Einzig bei allgemein-politischen Themen gab es Unterschiede auf dem Podium: Als aus dem Publikum das Thema der Freihandelsverträge TTIP und Ceta angesprochen wurde, erwies sich Friedrich als glühender Verfechter der Verhandlungen, Crivellari plädierte für eine „Mitgestaltung“ und Keck meinte, solche Verträge täten dem Exportweltmeister Deutschland nur gut. Wieder war es alleine Pschorr, der diesen Verträgen vor allem mit Blick auf die „unfairen Schiedsgerichte“ eine deutliche Absage erteilte.

Und bei der Frage nach eine Bagatellgrenze für Ausfuhrscheine waren nur Friedrich (er hatte das Thema publikumswirksam im Bundesrat eingebracht) und Pschorr für eine Begrenzung, während die übrigen Diskutanten brav das IHK-Credo herunter beteten, wonach das Problem für die überforderten Zöllner viel besser „durch eine elektronische Lösung“ behoben werden könnte.

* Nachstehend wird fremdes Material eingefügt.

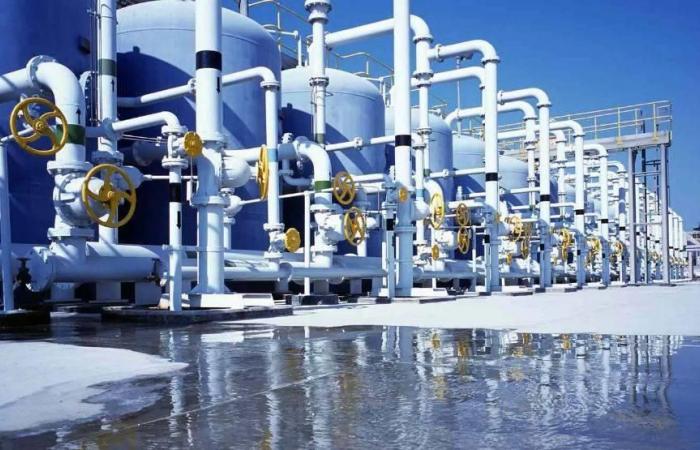 مصر تحلّي مياه البحر بالتناضح العكسي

Friede-Freude-Eierkuchen-Stimmung

Doch, wie geschrieben, bei fast allen anderen Themen herrschte Friede-Freude-Eierkuchen-Stimmung auf dem Podium: Alle traten für ein Ende der befristeten Arbeitsverträge ein, keine(r) war für eine Wiedereinführung von Studiengebühren, alle sprachen sich für eine Änderung des baden-württembergischen Wahlrechts aus, alle wollen mehr sozialen Wohnungsbau. Wen schert es da, dass die Regierungsparteien in Berlin und Stuttgart eine genau entgegengesetzte Politik fahren? Wie gesagt: Man glaubte sich im falschen Film.